Most important of all, Hagar — whose career not only includes stints in great bands like Montrose and Van Halen and a successful restaurant chain and tequila brand — has roots planted in the soil that once featured bounteous citrus groves, almond and peach orchards and sprawling grape vineyards. The Rock and Roll Hall of Famer has ample, sharply recollected fond memories of his Fontana (aka Fontucky) youth and his musical coming of age there.

“I loved growing up in Fontana,” says the seemingly eternally ebullient Hagar. “If you think about it, it’s got an incredible location: an hour to the mountains, to Joshua Tree, to the beach, to Hollywood. My friends and I used to pool our gas money and head out to all those places. I loved the mountains in the summer and the desert in the winter. I started out as a greaser but then I got hip and became a hodad. I got white shoes and white jeans and started to spend my time at the beach.”

With two older sisters, the pre-teen Hagar joined the 1950s rock and roll revolution.

Hagar and Eddie Van Halen rip it up in the 1980s.
Hagar and Eddie Van Halen rip it up in the 1980s.

“I got caught up in Elvis,” Hagar recalls. “I had a paper route, and I bought my first single, which was Elvis’ ‘Big Hunk of Love.’ I didn’t even have a record player!
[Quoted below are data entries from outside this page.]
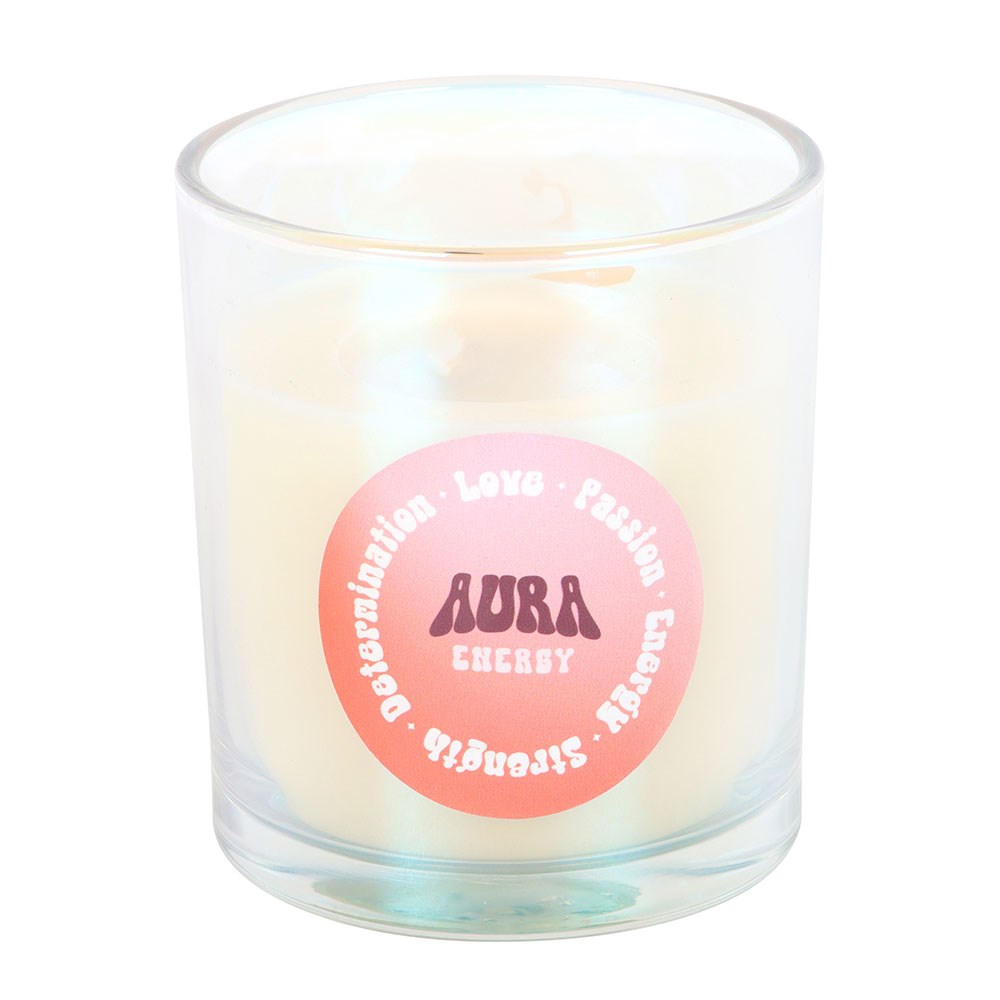 Aura Energy Juicy Raspberry-kynttilä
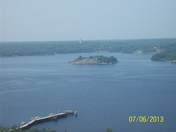 Georgian bay as seen from the Parry Sound Observation Tower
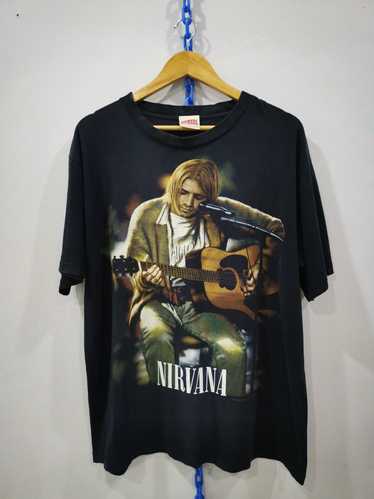 Band Tees × Kurt Cobain × Nirvana VTG NIRVANA UNP… - image 1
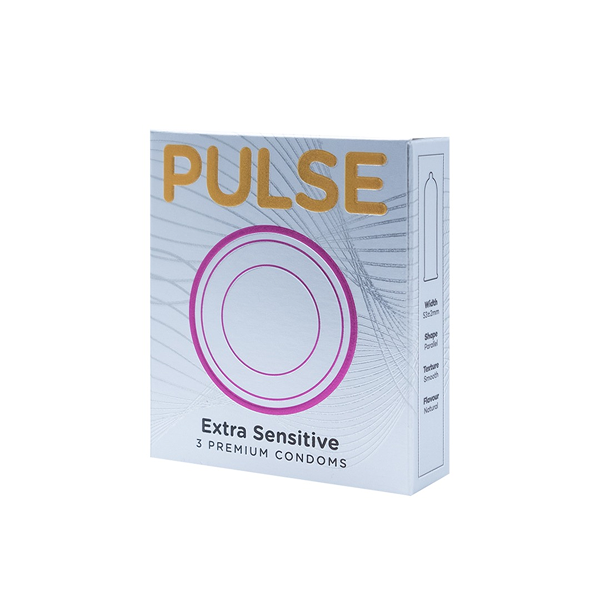 Pulse Extra Sensitive Condoms (1 Pack = 3 Pcs)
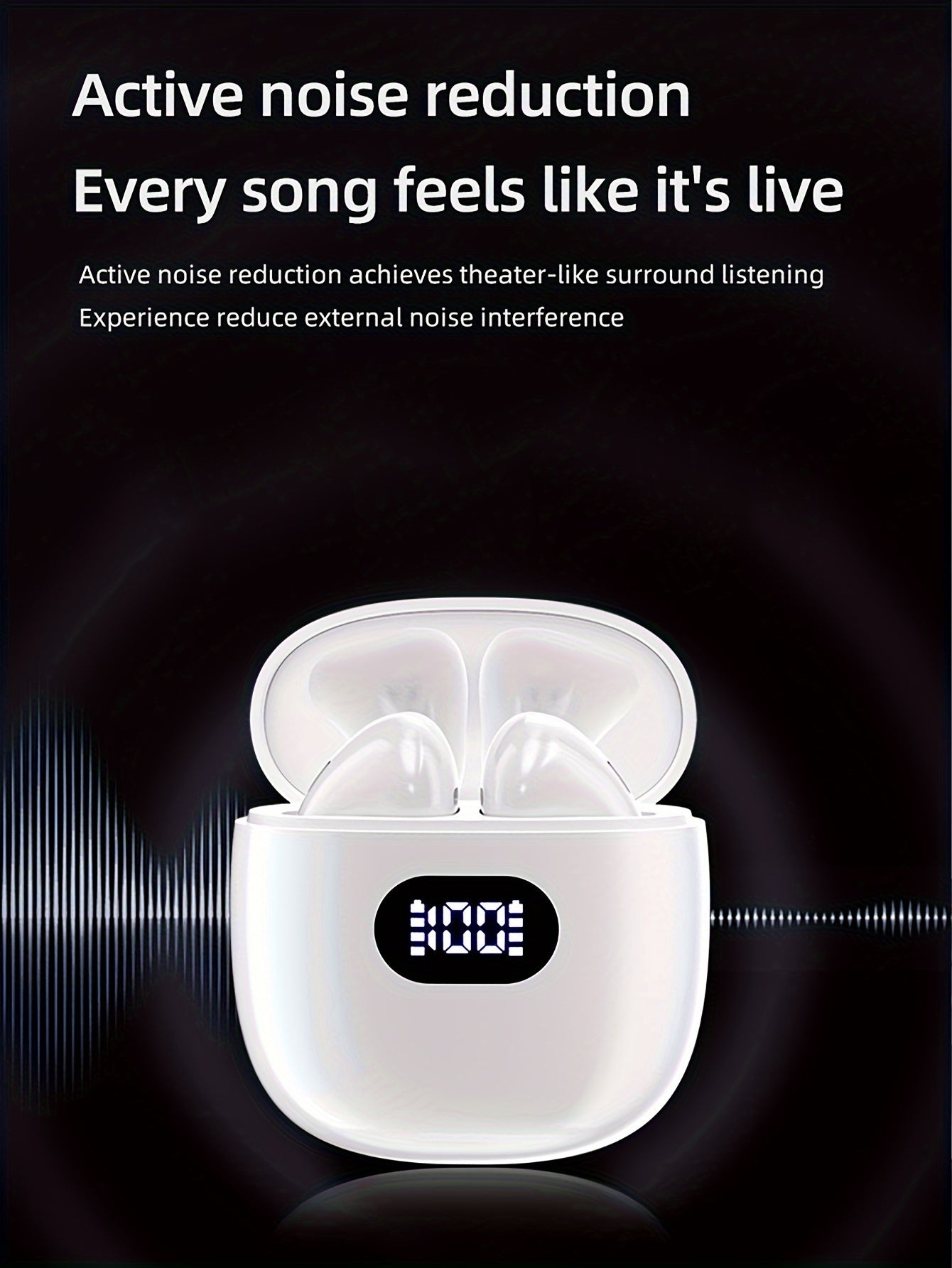 Նոր Style True Wireless ականջի մեջ սպորտային երաժշտության ականջակալ մինի ականջակալներ TWS HIFI bass HD զանգահարող ստերեո ականջակալներ Android-ի համար iPhone-ի համար Բջջային հեռախոսի խաղերի ականջակալներ խելացի ականջակալներ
I just stared at the label! My big sisters used to comb out my hair and I pretend I was Elvis.”

A few years later, Hagar was rocking on stages around the Inland Empire, long before he made the trek up the coast in 1969 to San Francisco and wound up with a major label deal as a member of hard-rock outfit Montrose in the 1970s.

It all started, as we so many nascent ’60s rockers, in 1964, when the Elvis allure faded and the British Invasion kicked into high gear.
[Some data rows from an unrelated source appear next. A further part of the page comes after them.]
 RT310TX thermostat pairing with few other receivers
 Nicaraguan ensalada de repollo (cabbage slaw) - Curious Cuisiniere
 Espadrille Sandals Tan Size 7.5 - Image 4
“The Beatles led the British Invasion happened, but what really got me was when the Rolling Stones hit. They looked like tough guys from Fontana. I had an older friend, Ed Matson, who played guitar well and helped me learn all those Stone songs,” Hagar says.

“I remember, he asked me, ‘How do you remember all those lyrics?’ I can still do it. I remember all my lyrics and always have. So, I could sing all those Stones hits. [Editor’s note: Including “Route 66!”] Somebody said, ‘Let’s start a band and pretty soon we had our set of seven or eight songs, which included a couple of surf songs for the locals. But I was also a soul music guy. I was into James Brown and Hendrix. And I actually saw Otis Redding at the Monterey Pop Festival. I went there, not to see the rock groups, except maybe Eric Burdon, but I wanted to see Otis!”

Down the road, in Hawthorne, California, Brian Wilson’s Beach Boys were the American answer to the Beatles. The surf may have been an hour away, but surf music was lapping up on our Inland Empire shores.

“I used to go to the National Guard Armory in Riverside to hear Dick Dale. Around that time, I got in a band called the Fabulous Castiles and we used to play ‘Surfer Stomp’ at Brunton Hall in Fontana. We didn’t even have a drummer and we all played through one amp. The Justice Brothers came later and that’s when I wanted to get serious. We tried to make a living by playing in bars.”

As we compare notes on our teen years in the Inland Empire, my own recall kicks in and I realize that before I saw Hagar with his band the Justice Brothers at the Night Club in San Bernardino, I caught his act at a Battle of the Bands in the mid-1960s at a Fontana Shopping Center, when he was fronting a soulful combo colorfully called the Mobile Home Blues Band. “Our dream,” Hagar recalls, “was to live in a motor home and drive up and down the coast playing our music.”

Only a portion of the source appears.